[Short web captions]
#####
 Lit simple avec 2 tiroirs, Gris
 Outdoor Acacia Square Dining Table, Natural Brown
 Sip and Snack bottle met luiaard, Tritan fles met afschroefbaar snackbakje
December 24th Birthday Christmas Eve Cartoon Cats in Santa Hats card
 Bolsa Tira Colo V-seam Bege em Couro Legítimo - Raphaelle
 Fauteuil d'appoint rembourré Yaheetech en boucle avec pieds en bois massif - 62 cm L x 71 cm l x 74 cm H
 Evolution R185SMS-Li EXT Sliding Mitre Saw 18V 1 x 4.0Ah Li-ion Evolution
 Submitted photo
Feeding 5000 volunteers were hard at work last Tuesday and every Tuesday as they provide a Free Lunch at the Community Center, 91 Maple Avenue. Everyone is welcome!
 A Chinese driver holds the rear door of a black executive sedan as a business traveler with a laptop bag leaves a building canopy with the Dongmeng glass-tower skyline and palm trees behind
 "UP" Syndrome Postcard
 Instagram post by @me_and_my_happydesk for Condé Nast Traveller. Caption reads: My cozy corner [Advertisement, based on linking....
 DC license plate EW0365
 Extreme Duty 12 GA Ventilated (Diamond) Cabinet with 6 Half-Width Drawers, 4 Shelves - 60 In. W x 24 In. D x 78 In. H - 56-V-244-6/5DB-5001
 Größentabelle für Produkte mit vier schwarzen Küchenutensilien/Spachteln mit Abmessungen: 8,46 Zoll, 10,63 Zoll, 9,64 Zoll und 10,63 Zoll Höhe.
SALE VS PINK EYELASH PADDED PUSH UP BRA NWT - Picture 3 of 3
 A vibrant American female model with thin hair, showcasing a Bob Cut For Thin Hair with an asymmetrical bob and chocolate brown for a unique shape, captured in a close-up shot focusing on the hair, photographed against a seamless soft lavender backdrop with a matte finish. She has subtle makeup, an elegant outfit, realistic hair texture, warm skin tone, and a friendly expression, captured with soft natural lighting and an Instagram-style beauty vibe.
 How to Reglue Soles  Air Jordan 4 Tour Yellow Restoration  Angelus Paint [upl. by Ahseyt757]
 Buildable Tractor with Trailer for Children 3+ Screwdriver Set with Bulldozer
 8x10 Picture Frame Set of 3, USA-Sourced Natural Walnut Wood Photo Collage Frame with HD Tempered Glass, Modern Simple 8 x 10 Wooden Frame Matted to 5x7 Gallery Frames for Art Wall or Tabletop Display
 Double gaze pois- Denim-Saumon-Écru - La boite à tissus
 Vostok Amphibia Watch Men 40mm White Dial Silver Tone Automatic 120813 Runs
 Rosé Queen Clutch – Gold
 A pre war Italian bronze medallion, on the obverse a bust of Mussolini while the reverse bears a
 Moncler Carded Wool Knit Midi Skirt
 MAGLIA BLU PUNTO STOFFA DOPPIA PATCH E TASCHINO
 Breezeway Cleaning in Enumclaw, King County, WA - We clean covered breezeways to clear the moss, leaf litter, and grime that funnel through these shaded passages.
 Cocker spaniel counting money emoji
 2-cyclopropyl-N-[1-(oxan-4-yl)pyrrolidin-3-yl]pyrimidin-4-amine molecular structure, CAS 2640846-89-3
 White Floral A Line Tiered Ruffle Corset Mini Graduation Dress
#####
Every line in the records above that contains the word "avec" should be copied out.

 Lit simple avec 2 tiroirs, Gris
 Fauteuil d'appoint rembourré Yaheetech en boucle avec pieds en bois massif - 62 cm L x 71 cm l x 74 cm H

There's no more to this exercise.